== DATASET RECORDS ==
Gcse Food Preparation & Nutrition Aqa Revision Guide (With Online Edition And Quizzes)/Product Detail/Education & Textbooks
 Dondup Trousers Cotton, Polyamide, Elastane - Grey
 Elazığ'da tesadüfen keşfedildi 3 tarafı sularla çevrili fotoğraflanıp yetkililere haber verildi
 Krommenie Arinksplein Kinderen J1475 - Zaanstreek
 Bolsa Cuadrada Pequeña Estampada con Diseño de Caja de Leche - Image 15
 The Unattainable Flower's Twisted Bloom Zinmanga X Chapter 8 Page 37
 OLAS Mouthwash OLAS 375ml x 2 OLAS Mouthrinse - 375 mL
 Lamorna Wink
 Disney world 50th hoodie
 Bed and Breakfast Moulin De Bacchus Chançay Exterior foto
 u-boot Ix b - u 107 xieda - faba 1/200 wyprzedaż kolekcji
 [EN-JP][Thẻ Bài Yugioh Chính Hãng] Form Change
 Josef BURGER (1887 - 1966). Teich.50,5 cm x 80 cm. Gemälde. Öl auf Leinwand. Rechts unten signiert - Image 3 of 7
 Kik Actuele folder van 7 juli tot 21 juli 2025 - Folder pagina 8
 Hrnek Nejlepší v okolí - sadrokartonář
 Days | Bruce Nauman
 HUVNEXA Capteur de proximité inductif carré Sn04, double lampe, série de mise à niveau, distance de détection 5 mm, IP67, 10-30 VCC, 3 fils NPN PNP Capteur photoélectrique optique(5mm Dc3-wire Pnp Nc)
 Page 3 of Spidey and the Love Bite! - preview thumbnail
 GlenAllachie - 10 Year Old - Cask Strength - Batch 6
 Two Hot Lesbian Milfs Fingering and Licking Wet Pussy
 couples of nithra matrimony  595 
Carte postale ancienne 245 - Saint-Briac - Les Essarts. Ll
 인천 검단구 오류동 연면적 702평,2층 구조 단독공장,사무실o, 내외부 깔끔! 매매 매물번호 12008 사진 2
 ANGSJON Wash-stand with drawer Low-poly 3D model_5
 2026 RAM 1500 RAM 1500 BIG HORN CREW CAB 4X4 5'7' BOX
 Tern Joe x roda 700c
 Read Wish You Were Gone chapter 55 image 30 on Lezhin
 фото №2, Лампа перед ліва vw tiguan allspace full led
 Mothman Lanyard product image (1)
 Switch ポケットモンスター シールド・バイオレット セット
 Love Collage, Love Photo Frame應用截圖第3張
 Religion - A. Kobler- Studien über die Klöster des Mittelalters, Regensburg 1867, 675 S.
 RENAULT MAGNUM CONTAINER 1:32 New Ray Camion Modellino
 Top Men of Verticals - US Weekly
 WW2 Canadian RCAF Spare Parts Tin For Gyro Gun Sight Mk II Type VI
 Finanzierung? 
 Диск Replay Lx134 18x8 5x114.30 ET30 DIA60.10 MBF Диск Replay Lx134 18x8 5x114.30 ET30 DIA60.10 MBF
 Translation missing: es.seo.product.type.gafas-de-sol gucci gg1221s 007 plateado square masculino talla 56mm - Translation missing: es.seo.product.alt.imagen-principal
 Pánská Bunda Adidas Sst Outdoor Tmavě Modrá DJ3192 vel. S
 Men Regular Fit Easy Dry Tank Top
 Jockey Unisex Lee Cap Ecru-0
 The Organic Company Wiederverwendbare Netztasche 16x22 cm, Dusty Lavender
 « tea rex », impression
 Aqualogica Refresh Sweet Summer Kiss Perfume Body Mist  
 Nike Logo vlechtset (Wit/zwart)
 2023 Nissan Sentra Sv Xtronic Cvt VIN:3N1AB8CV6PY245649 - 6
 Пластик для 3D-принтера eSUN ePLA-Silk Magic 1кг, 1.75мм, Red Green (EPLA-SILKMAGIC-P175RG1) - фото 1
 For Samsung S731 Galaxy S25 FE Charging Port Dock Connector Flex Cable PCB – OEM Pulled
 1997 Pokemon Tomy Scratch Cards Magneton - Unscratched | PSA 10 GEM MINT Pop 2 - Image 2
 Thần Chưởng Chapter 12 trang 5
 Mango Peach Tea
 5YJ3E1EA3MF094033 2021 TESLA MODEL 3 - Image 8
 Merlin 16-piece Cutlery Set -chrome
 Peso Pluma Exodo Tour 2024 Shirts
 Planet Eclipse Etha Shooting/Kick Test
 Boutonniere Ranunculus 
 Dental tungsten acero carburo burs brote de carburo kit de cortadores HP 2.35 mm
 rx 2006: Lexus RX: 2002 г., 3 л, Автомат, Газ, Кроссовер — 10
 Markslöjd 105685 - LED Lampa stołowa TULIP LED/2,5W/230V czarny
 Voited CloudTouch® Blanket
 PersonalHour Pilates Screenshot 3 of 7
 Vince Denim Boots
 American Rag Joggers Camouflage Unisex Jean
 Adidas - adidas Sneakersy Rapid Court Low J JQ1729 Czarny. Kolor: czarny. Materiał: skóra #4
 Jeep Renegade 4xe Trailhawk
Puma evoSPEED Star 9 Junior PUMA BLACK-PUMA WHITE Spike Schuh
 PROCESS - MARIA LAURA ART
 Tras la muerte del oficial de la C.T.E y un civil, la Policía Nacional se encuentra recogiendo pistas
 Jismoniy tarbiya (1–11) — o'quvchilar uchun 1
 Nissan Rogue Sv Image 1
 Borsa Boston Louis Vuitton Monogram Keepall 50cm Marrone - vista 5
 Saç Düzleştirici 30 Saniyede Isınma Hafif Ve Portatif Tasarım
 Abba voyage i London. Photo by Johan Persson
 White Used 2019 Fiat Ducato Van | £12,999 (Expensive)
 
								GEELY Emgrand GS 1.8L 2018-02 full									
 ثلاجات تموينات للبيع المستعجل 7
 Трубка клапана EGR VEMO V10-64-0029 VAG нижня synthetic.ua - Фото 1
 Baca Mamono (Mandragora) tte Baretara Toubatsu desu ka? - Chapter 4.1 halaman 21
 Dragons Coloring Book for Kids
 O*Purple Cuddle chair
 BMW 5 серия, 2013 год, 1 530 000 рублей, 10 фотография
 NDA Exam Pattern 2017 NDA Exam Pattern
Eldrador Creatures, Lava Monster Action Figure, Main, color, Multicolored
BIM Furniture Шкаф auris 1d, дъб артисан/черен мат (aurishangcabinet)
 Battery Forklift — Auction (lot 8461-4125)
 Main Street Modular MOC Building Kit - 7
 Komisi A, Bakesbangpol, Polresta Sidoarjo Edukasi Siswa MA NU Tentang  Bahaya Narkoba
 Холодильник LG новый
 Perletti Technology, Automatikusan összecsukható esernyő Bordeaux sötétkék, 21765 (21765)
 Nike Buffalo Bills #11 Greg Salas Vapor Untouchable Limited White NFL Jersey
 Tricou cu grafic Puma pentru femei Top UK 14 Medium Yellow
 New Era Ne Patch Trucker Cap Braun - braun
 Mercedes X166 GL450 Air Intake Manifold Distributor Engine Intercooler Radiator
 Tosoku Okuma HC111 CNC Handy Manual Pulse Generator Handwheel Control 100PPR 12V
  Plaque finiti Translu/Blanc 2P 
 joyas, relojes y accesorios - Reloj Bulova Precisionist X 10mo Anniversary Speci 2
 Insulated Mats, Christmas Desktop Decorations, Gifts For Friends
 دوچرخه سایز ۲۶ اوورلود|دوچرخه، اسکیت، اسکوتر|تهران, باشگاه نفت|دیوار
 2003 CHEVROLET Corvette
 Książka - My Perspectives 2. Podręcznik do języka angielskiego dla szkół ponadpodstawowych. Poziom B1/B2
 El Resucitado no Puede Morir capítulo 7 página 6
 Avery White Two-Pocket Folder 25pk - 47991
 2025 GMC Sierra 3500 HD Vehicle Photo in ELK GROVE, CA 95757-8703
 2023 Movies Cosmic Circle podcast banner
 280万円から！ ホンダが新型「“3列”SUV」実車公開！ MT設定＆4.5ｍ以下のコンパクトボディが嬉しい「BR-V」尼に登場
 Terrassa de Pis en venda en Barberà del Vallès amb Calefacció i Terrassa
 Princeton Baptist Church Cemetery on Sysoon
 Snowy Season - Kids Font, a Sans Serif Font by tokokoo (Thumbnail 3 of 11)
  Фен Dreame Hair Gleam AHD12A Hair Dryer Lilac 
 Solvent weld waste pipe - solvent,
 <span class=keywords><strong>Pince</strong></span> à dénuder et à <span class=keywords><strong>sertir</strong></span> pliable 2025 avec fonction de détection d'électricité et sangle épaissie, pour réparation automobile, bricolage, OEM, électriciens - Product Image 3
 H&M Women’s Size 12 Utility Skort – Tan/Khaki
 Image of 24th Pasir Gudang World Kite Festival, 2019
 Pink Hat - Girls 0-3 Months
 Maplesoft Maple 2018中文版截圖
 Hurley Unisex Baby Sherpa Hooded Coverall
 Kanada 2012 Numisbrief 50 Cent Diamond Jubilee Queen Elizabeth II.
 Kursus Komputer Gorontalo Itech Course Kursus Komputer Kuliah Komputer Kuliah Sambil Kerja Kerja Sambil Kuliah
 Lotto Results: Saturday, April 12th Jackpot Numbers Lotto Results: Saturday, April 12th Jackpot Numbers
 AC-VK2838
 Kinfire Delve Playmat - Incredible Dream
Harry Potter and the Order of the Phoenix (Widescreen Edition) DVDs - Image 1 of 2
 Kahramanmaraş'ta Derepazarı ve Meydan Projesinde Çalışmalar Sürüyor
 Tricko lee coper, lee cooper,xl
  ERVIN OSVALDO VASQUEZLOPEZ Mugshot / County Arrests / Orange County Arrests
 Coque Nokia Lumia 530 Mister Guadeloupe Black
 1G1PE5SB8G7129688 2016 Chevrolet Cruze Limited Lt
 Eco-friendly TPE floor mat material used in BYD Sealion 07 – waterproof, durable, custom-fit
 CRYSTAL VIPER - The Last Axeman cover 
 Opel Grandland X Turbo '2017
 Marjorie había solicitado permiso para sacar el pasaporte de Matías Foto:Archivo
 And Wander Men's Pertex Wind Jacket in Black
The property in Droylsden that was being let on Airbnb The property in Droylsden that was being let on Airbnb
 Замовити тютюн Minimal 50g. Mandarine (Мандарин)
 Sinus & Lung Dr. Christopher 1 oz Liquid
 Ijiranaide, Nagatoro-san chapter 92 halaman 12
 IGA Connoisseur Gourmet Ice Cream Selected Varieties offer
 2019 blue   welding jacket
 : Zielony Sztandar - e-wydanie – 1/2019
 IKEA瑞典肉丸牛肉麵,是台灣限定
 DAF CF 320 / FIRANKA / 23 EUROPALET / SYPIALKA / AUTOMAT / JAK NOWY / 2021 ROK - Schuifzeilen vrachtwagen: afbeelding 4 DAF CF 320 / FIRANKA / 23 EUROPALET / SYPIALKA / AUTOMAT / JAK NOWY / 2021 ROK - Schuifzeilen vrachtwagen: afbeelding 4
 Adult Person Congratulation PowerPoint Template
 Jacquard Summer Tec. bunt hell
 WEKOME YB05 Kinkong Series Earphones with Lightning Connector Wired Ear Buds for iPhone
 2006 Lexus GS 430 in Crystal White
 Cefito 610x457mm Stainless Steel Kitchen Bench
===
Give back exactly the lines of the listing above that run from the line with "2025 GMC Sierra" to the line with "e-wydanie – 1/2019", inclusive.

**TASK SOLUTION:**
 2025 GMC Sierra 3500 HD Vehicle Photo in ELK GROVE, CA 95757-8703
 2023 Movies Cosmic Circle podcast banner
 280万円から！ ホンダが新型「“3列”SUV」実車公開！ MT設定＆4.5ｍ以下のコンパクトボディが嬉しい「BR-V」尼に登場
 Terrassa de Pis en venda en Barberà del Vallès amb Calefacció i Terrassa
 Princeton Baptist Church Cemetery on Sysoon
 Snowy Season - Kids Font, a Sans Serif Font by tokokoo (Thumbnail 3 of 11)
  Фен Dreame Hair Gleam AHD12A Hair Dryer Lilac 
 Solvent weld waste pipe - solvent,
 <span class=keywords><strong>Pince</strong></span> à dénuder et à <span class=keywords><strong>sertir</strong></span> pliable 2025 avec fonction de détection d'électricité et sangle épaissie, pour réparation automobile, bricolage, OEM, électriciens - Product Image 3
 H&M Women’s Size 12 Utility Skort – Tan/Khaki
 Image of 24th Pasir Gudang World Kite Festival, 2019
 Pink Hat - Girls 0-3 Months
 Maplesoft Maple 2018中文版截圖
 Hurley Unisex Baby Sherpa Hooded Coverall
 Kanada 2012 Numisbrief 50 Cent Diamond Jubilee Queen Elizabeth II.
 Kursus Komputer Gorontalo Itech Course Kursus Komputer Kuliah Komputer Kuliah Sambil Kerja Kerja Sambil Kuliah
 Lotto Results: Saturday, April 12th Jackpot Numbers Lotto Results: Saturday, April 12th Jackpot Numbers
 AC-VK2838
 Kinfire Delve Playmat - Incredible Dream
Harry Potter and the Order of the Phoenix (Widescreen Edition) DVDs - Image 1 of 2
 Kahramanmaraş'ta Derepazarı ve Meydan Projesinde Çalışmalar Sürüyor
 Tricko lee coper, lee cooper,xl
  ERVIN OSVALDO VASQUEZLOPEZ Mugshot / County Arrests / Orange County Arrests
 Coque Nokia Lumia 530 Mister Guadeloupe Black
 1G1PE5SB8G7129688 2016 Chevrolet Cruze Limited Lt
 Eco-friendly TPE floor mat material used in BYD Sealion 07 – waterproof, durable, custom-fit
 CRYSTAL VIPER - The Last Axeman cover 
 Opel Grandland X Turbo '2017
 Marjorie había solicitado permiso para sacar el pasaporte de Matías Foto:Archivo
 And Wander Men's Pertex Wind Jacket in Black
The property in Droylsden that was being let on Airbnb The property in Droylsden that was being let on Airbnb
 Замовити тютюн Minimal 50g. Mandarine (Мандарин)
 Sinus & Lung Dr. Christopher 1 oz Liquid
 Ijiranaide, Nagatoro-san chapter 92 halaman 12
 IGA Connoisseur Gourmet Ice Cream Selected Varieties offer
 2019 blue   welding jacket
 : Zielony Sztandar - e-wydanie – 1/2019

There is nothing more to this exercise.